The photoless passport with the Canadian visa was relevant and arguably furnished part of the context of the crime in that, as an officer of the United States Customs Service testified, illegal exports often are routed through Canada. It also could be altered easily by the addition of a photograph, and therefore aided in proving Li's ability to move about without hindrance and to carry on export and monetary transactions outside the scrutiny of Customs officials. In addition, Appellants did not question the authenticity of the second passport, so reliability was not an issue. Consequently, we conclude that the district court did not clearly abuse its discretion in admitting the passport.


Appellants next argue that three classified documents were excluded erroneously by the district court after the CIPA hearing. The first document, CD1, was a December 1992 intelligence report stating that Appellants' companies had illegally exported image intensifier tubes to the PRC and that Appellants had been arrested and were awaiting trial. The FBI was neither the issuer nor the recipient of this report. The second document, CD2, was a message from an intelligence agency to various intelligence agencies and offices stating that a source had reported that a PRC agency had acquired restricted image intensifier tubes as of August 1992. Appellants are not mentioned in this document. Finally, CD3 was an intelligence message reporting that the People's Liberation Army (PLA) had directed front companies in Hong Kong to buy United Kingdom image intensifier tubes, but to conceal PLA involvement. Appellants are not mentioned in this document and the FBI neither issued nor received it.


The judge ruled that all three documents were inadmissible because they were not relevant. On appeal, Appellants claim that the documents were admissible to impeach Lewis because they showed that the entire American intelligence community knew that China was attempting to acquire image intensifier tubes and that Lewis knew it was illegal to export them.


A district court's exclusion of classified material is reviewed for abuse of discretion. United States v. Fernandez, 913 F.2d 148, 155 (4th Cir.1990). Classified materials may be excluded from evidence after a CIPA hearing if the possible prejudice from their disclosure outweighs their probative value. Fed.R.Evid. 403; United States v. Anderson, 872 F.2d 1508, 1514-15 (11th Cir.), cert. denied, 493 U.S. 1004 (1989). The defendant bears the burden of showing that CIPA material should be admitted. United States v. Miller, 874 F.2d 1255, 1277 (9th Cir .1989). Further, the defendant must show by more than mere speculation or conjecture that the documents are relevant; the classified material must be essential to the defense, and may not be merely cumulative or corroborative. United States v. Smith, 780 F.2d 1102, 1108, 1110 (4th Cir.1985).

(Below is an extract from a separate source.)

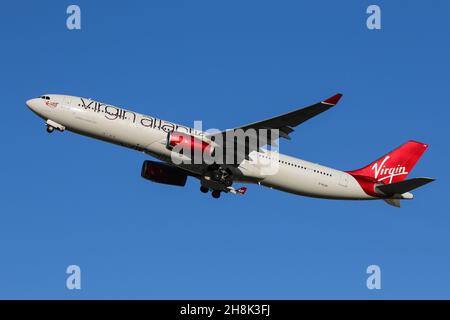 Un Airbus A330 gestito da Virgin Atlantic parte dall'aeroporto di Londra Heathrow Foto Stock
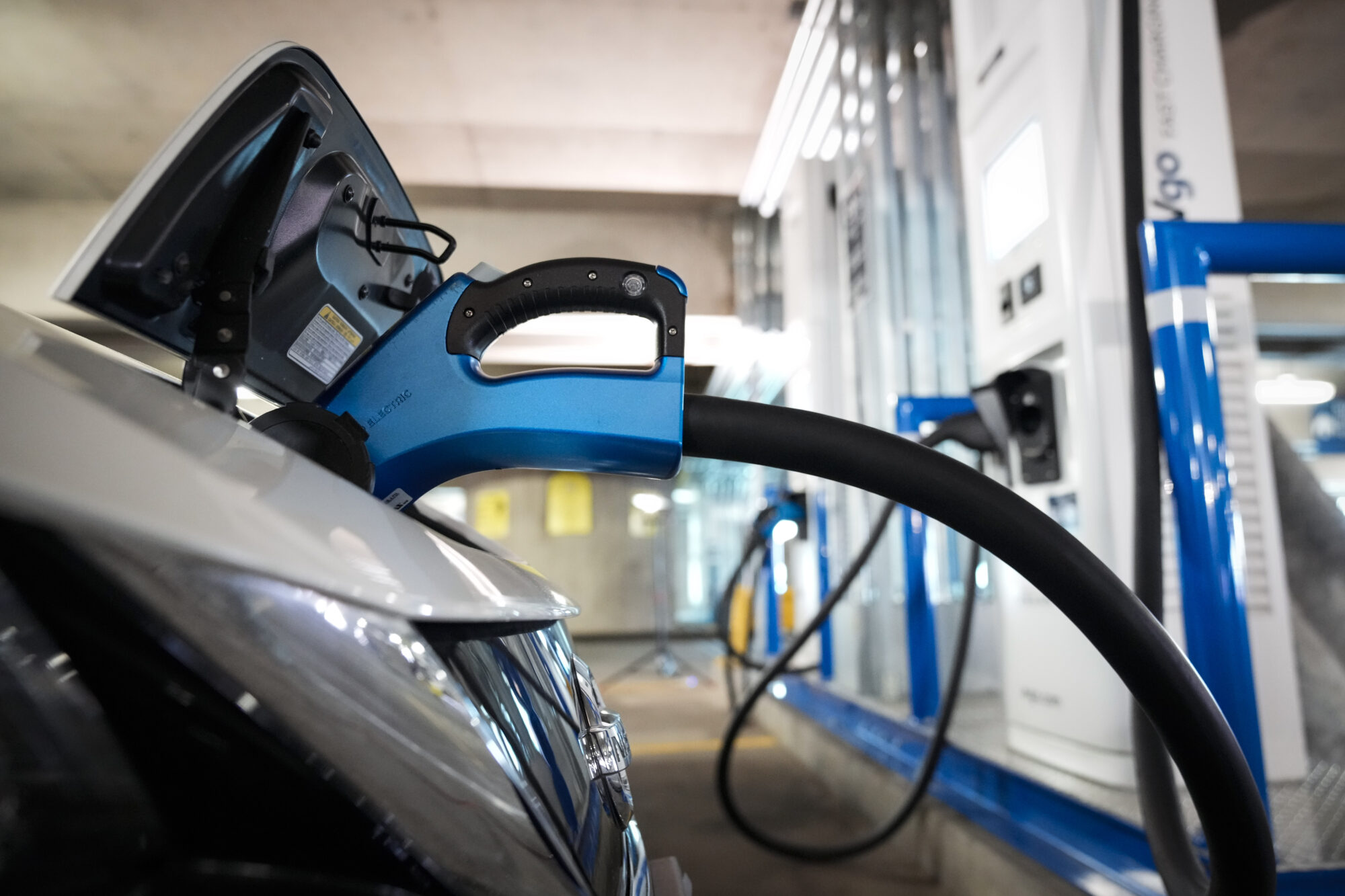 EVの普及は充電問題の解決にかかっている。充電インフラ整備も進んではいるが…（photo by Drew Angerer/Getty Images）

Although these documents certainly could have been admitted, we find that the district court did not exceed its discretion by excluding them. CD1 and CD2 were created after Appellants' arrests; consequently, they do not show that the FBI in general, or Lewis in particular, knew before the arrests that these individuals were illegally exporting image intensifier tubes. CD2 does not mention Appellants' names or the names of their companies, so it could be referring to anyone in the United States illegally exporting image intensifier tubes. CD3 shows that some agency knew that China was trying to acquire image intensifier tubes before Appellants were arrested. However, it does not mention the FBI, Lewis, or the Appellants. Thus, none of the documents show anything tending to make it more or less likely that the FBI knew before Appellants' arrests that China was trying to acquire image intensifier tubes, or that Lewis was lying when he professed ignorance about the export restrictions. The exclusion of these documents was proper.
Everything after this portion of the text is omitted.